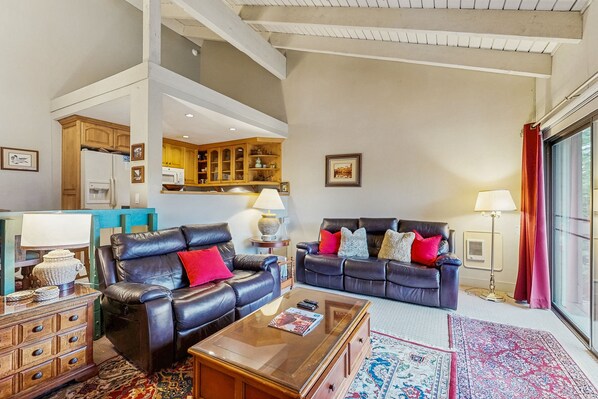 Fernseher, Kamin, DVD-Player, Tischfußball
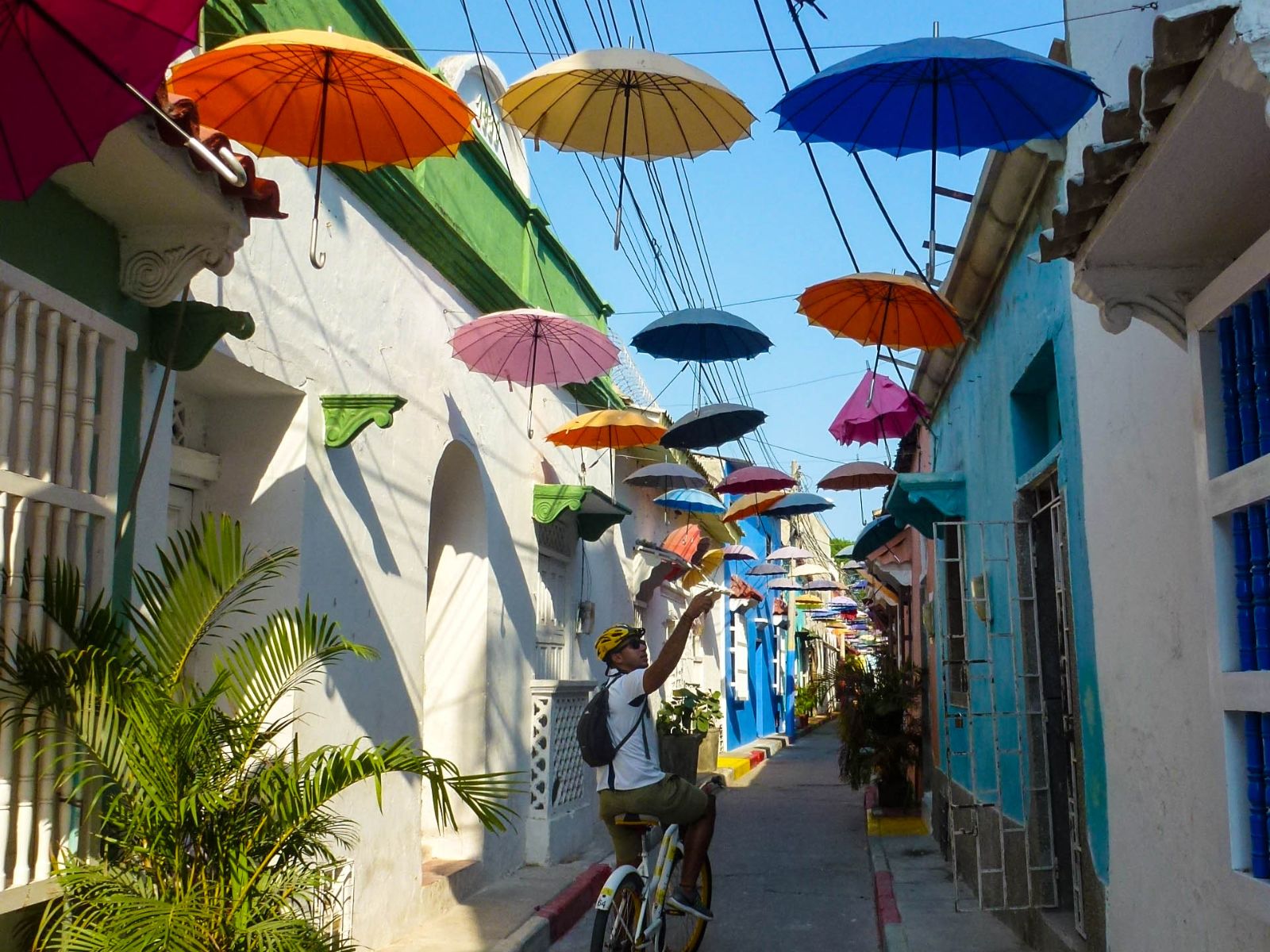Rondreis Colombia, Cartagena, excursie street art en graffiti tour Getsemani, fietser in steegje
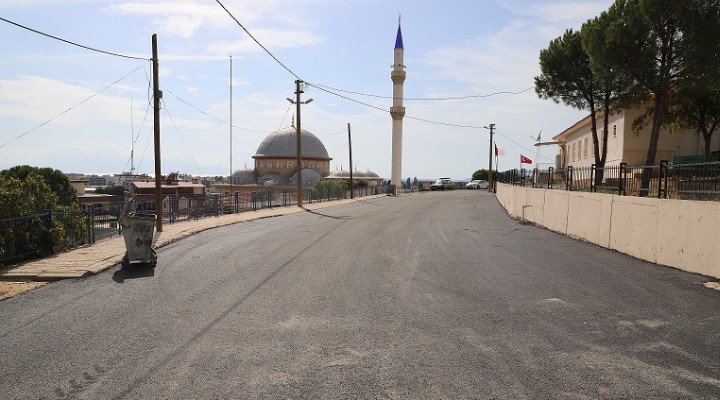 Menderes'te yol çalışmaları sürüyor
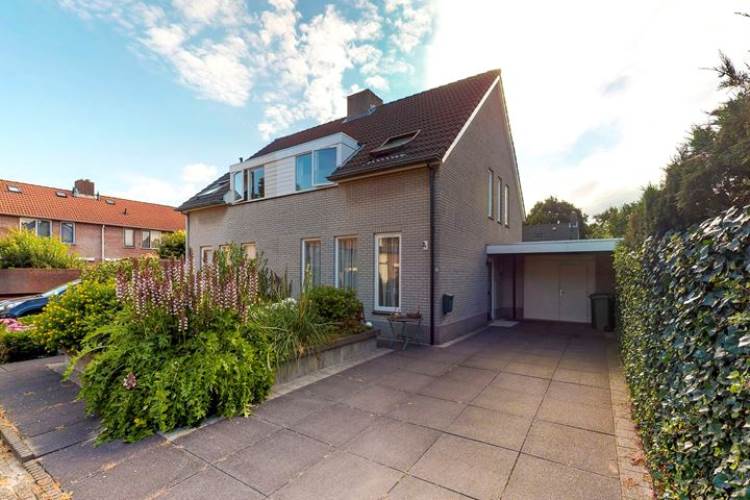 Woning Blokvang 3 Raamsdonksveer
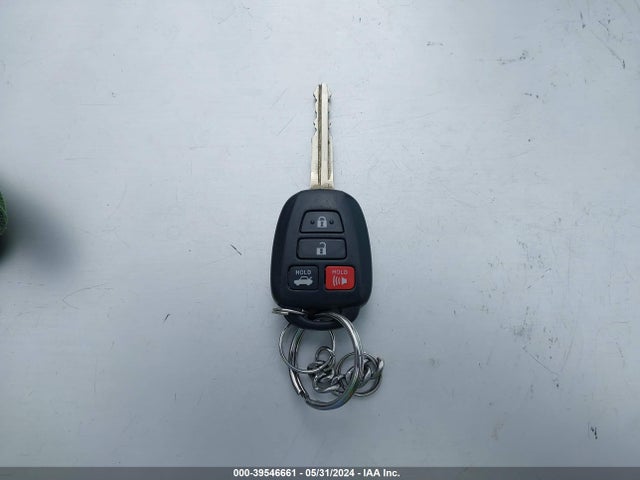 Toyota COROLLA SE 2018 5YFBURHE9JP748271 Image 11
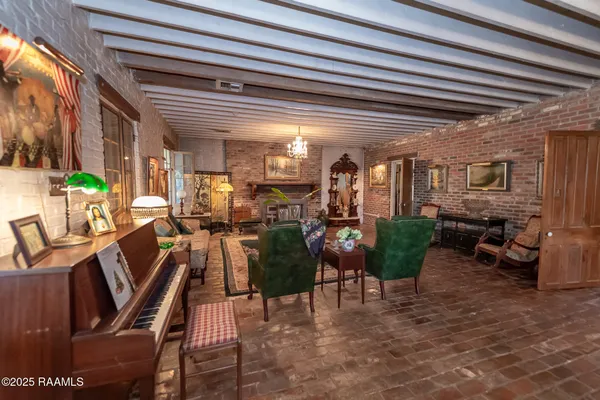 $840,000 | 2782 St Landry Highway, St. Landry, LA 71367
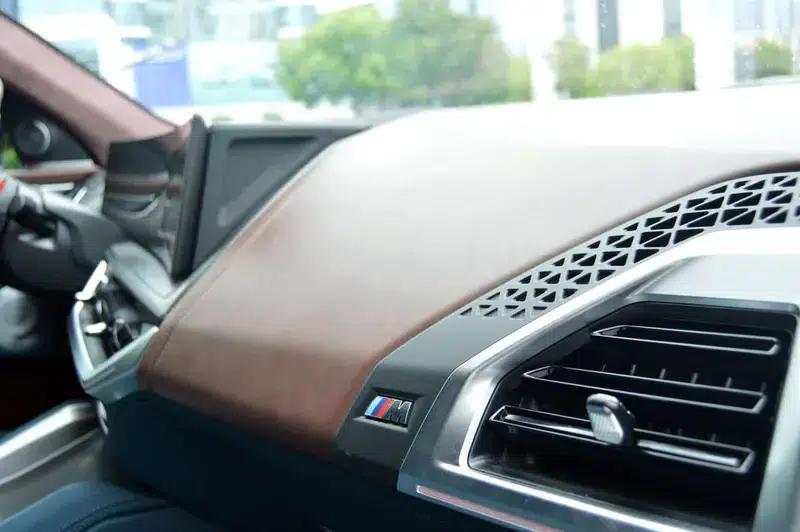 BMW XM 2023 4.4T Standard Edition — миниатюра 9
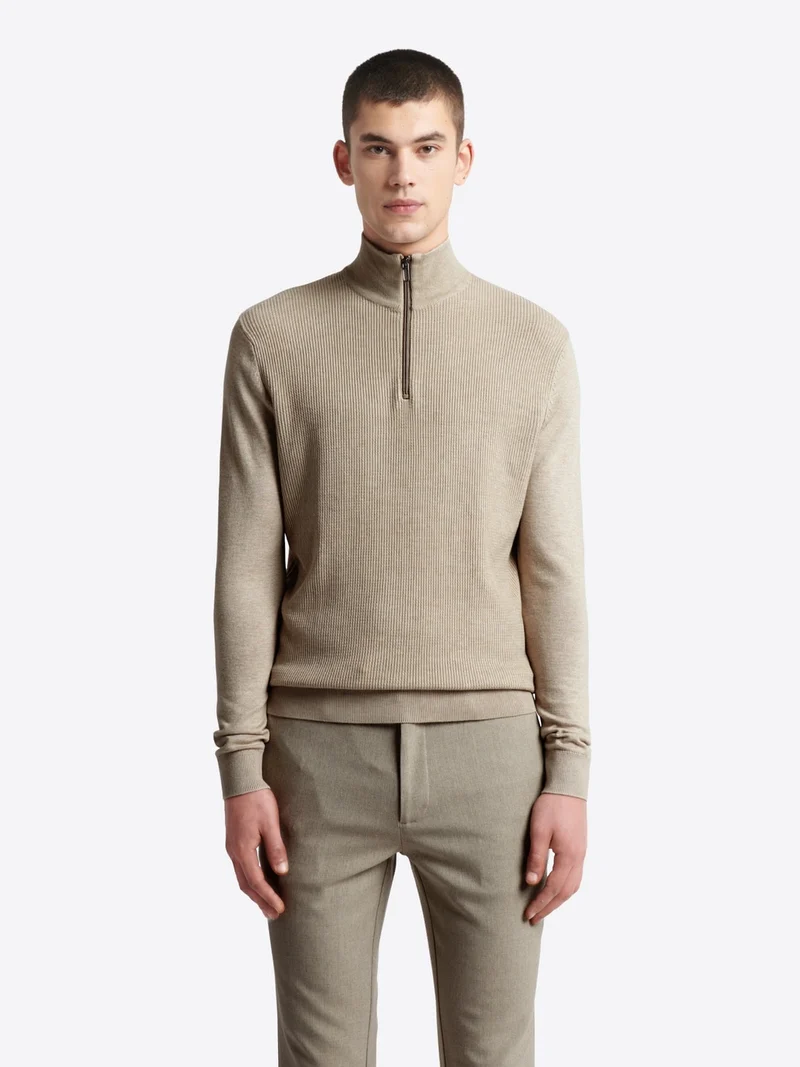 Pull à col cheminée en viscose certifiée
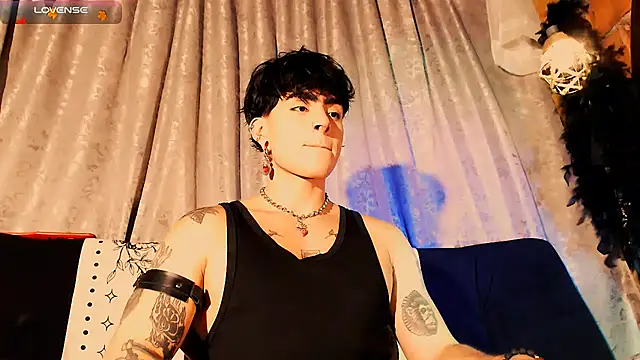 Snapshot of Mathew_stardust chatting on October 4, 2025, 11:47 pm Mathew stardust online show from October 4, 2025, 11:47 pm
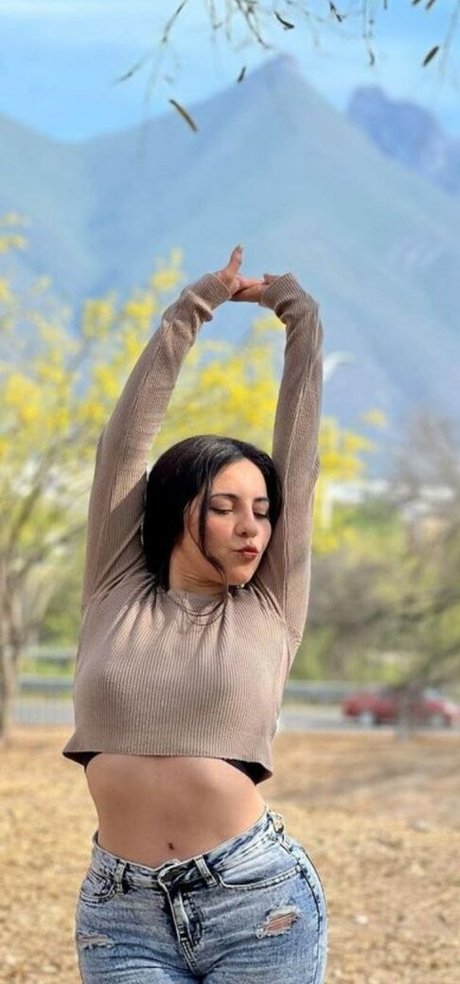 bellacuentos nudes star image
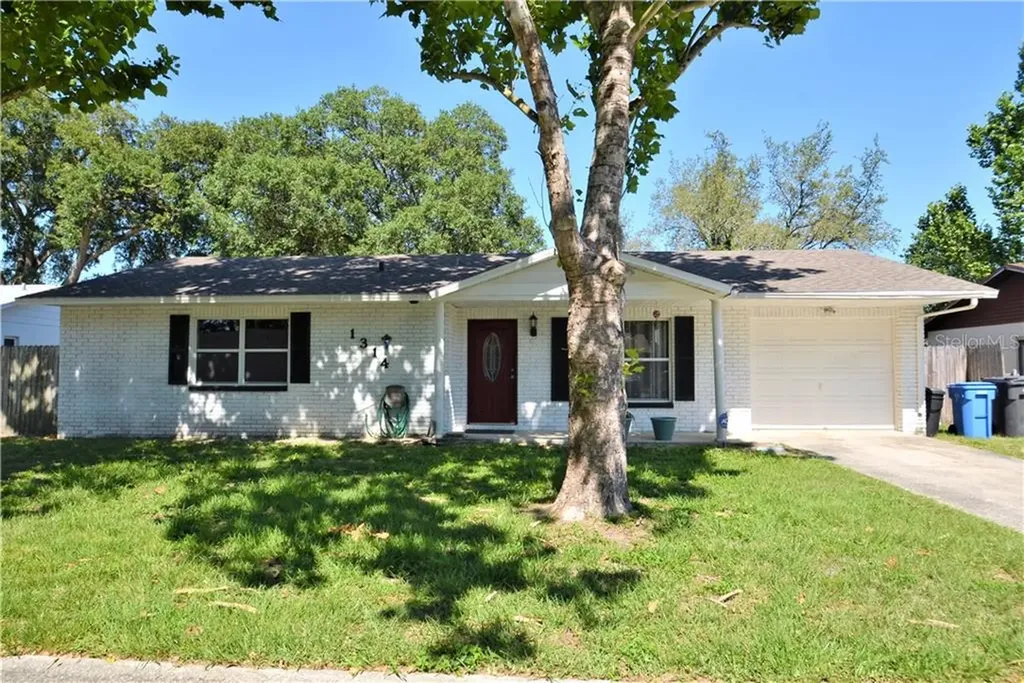 1314 Oakhill Street Seffner FL 33584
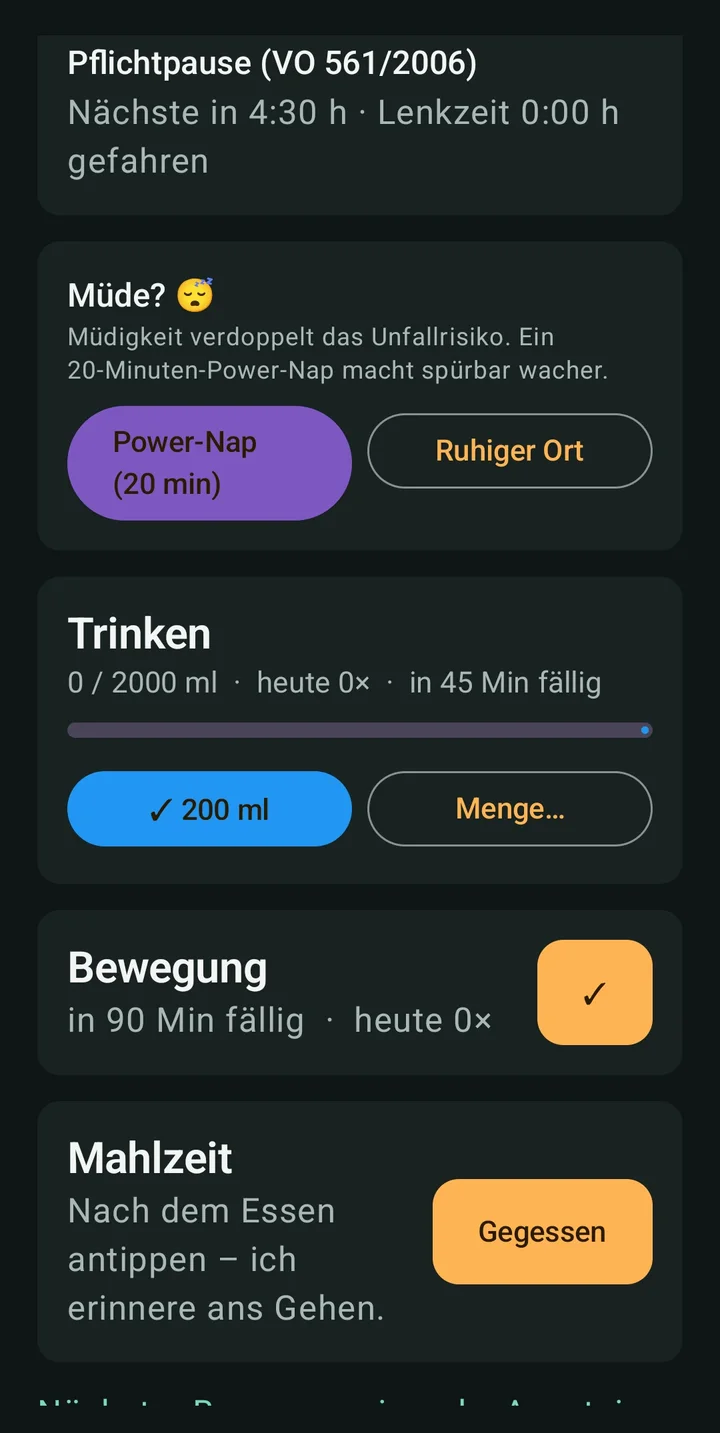 Fahrerwohl-Screenshot: Pflichtpause nach VO 561/2006, Power-Nap-Vorschlag und Trinkziel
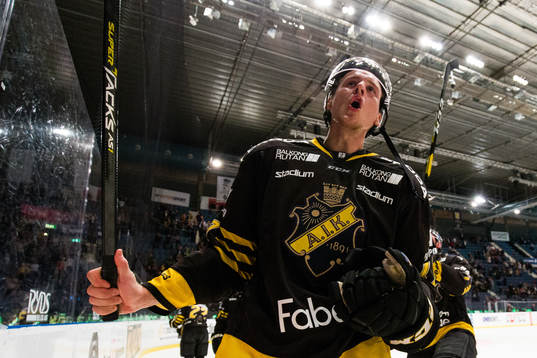 s Filip Windlert tackar publiken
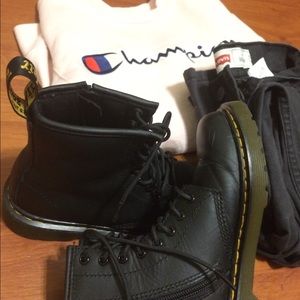 Pink champion sweatshirt. !! HOST PICK !!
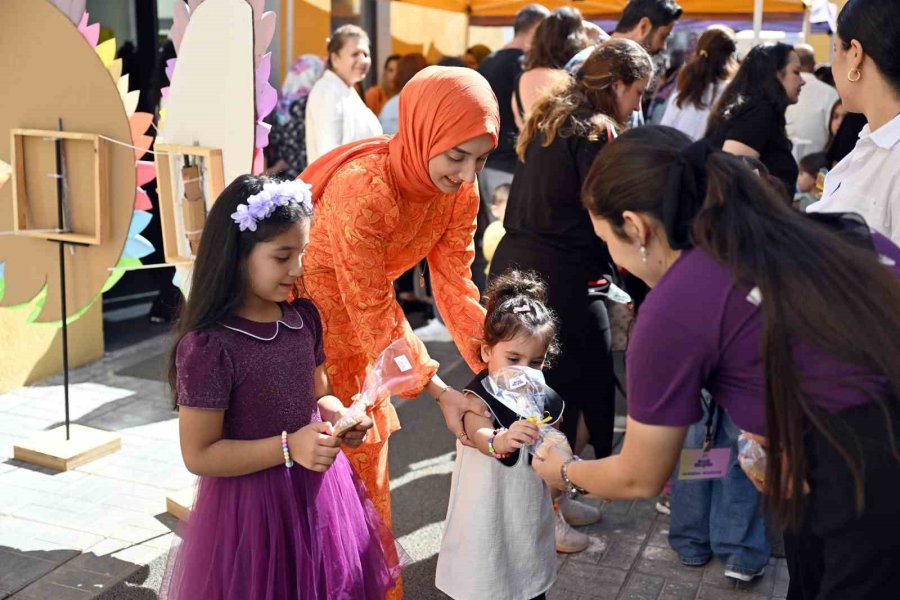 Mersin’de ’dünya Kız Çocukları Günü’ Renkli Etkinliklerle Kutlandı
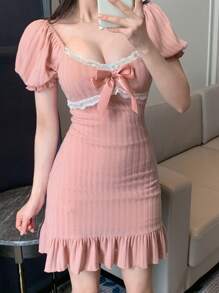 DAZY 蕾丝拼布蝴蝶结装饰紧身迷你连衣裙，带荷叶边下摆，适合夏季婚礼、挤奶女工裙太阳裙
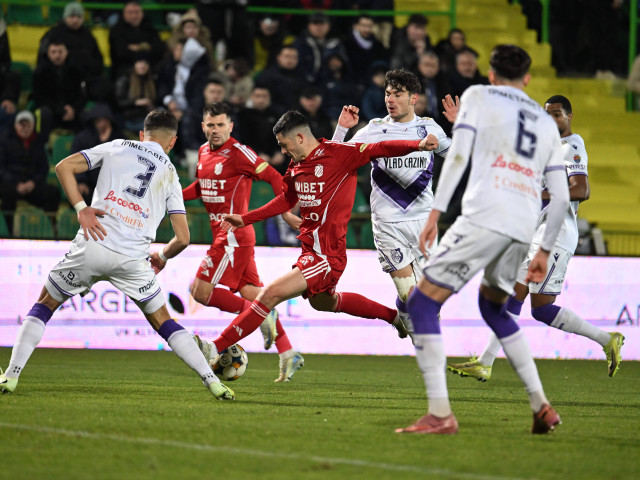 Video | FC Argeș - FC Botoșani 0-0. Remiză ”albă” în vârful clasamentului. Piteștenii au lovit de două ori bara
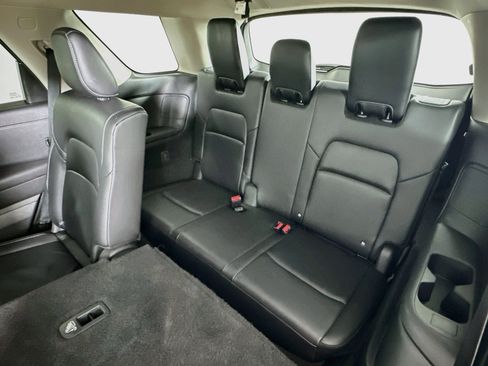 Used 2025 Nissan Pathfinder SL FWD image 29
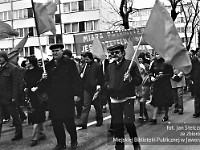 1985-101  1 maja 1985  Jawor, ul. Wyszyńskiego (dawn. Rapackiego)   Obchody 1 maja - Święta Pracy     Poch?d. Maszeruj? przedstawiciele jaworskich zak?ad?w pracy.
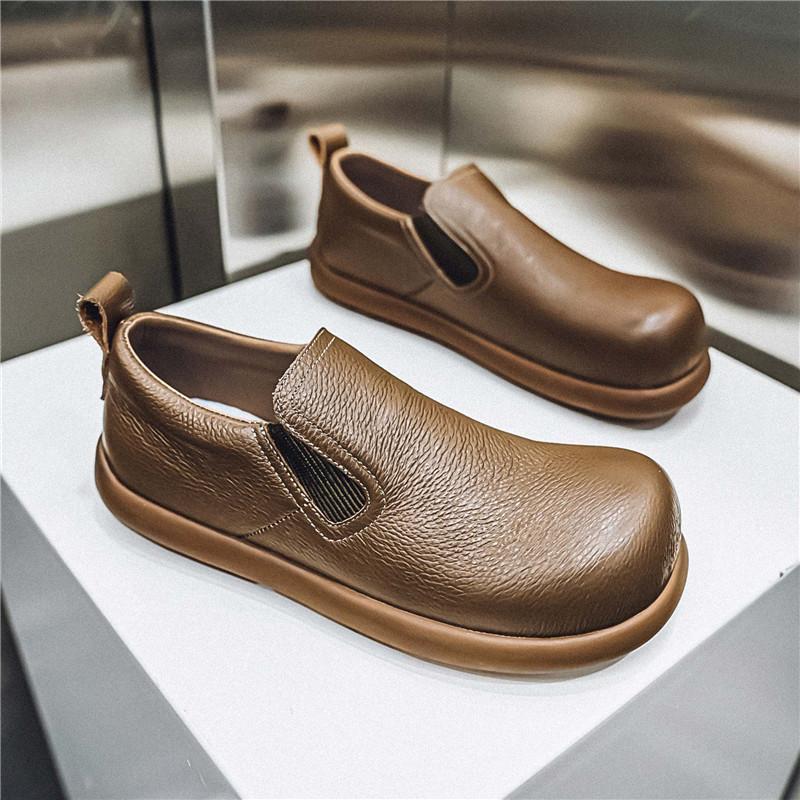 Fashion Men Casual Shoes Luxury Brand Man Loafers Black Leather Shoes Formal Business Shoes Lightweight Walking Shoes Boat Shoes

Your goal:
The reply has to reproduce every line above verbatim and contain no pictures.

Solved exercise:
 Fernseher, Kamin, DVD-Player, Tischfußball
Rondreis Colombia, Cartagena, excursie street art en graffiti tour Getsemani, fietser in steegje
 Menderes'te yol çalışmaları sürüyor
 Woning Blokvang 3 Raamsdonksveer
 Toyota COROLLA SE 2018 5YFBURHE9JP748271 Image 11
 $840,000 | 2782 St Landry Highway, St. Landry, LA 71367
 BMW XM 2023 4.4T Standard Edition — миниатюра 9
 Pull à col cheminée en viscose certifiée
 Snapshot of Mathew_stardust chatting on October 4, 2025, 11:47 pm Mathew stardust online show from October 4, 2025, 11:47 pm
 bellacuentos nudes star image
 1314 Oakhill Street Seffner FL 33584
 Fahrerwohl-Screenshot: Pflichtpause nach VO 561/2006, Power-Nap-Vorschlag und Trinkziel
 s Filip Windlert tackar publiken
 Pink champion sweatshirt. !! HOST PICK !!
 Mersin’de ’dünya Kız Çocukları Günü’ Renkli Etkinliklerle Kutlandı
 DAZY 蕾丝拼布蝴蝶结装饰紧身迷你连衣裙，带荷叶边下摆，适合夏季婚礼、挤奶女工裙太阳裙
 Video | FC Argeș - FC Botoșani 0-0. Remiză ”albă” în vârful clasamentului. Piteștenii au lovit de două ori bara
 Used 2025 Nissan Pathfinder SL FWD image 29
 1985-101  1 maja 1985  Jawor, ul. Wyszyńskiego (dawn. Rapackiego)   Obchody 1 maja - Święta Pracy     Poch?d. Maszeruj? przedstawiciele jaworskich zak?ad?w pracy.
 Fashion Men Casual Shoes Luxury Brand Man Loafers Black Leather Shoes Formal Business Shoes Lightweight Walking Shoes Boat Shoes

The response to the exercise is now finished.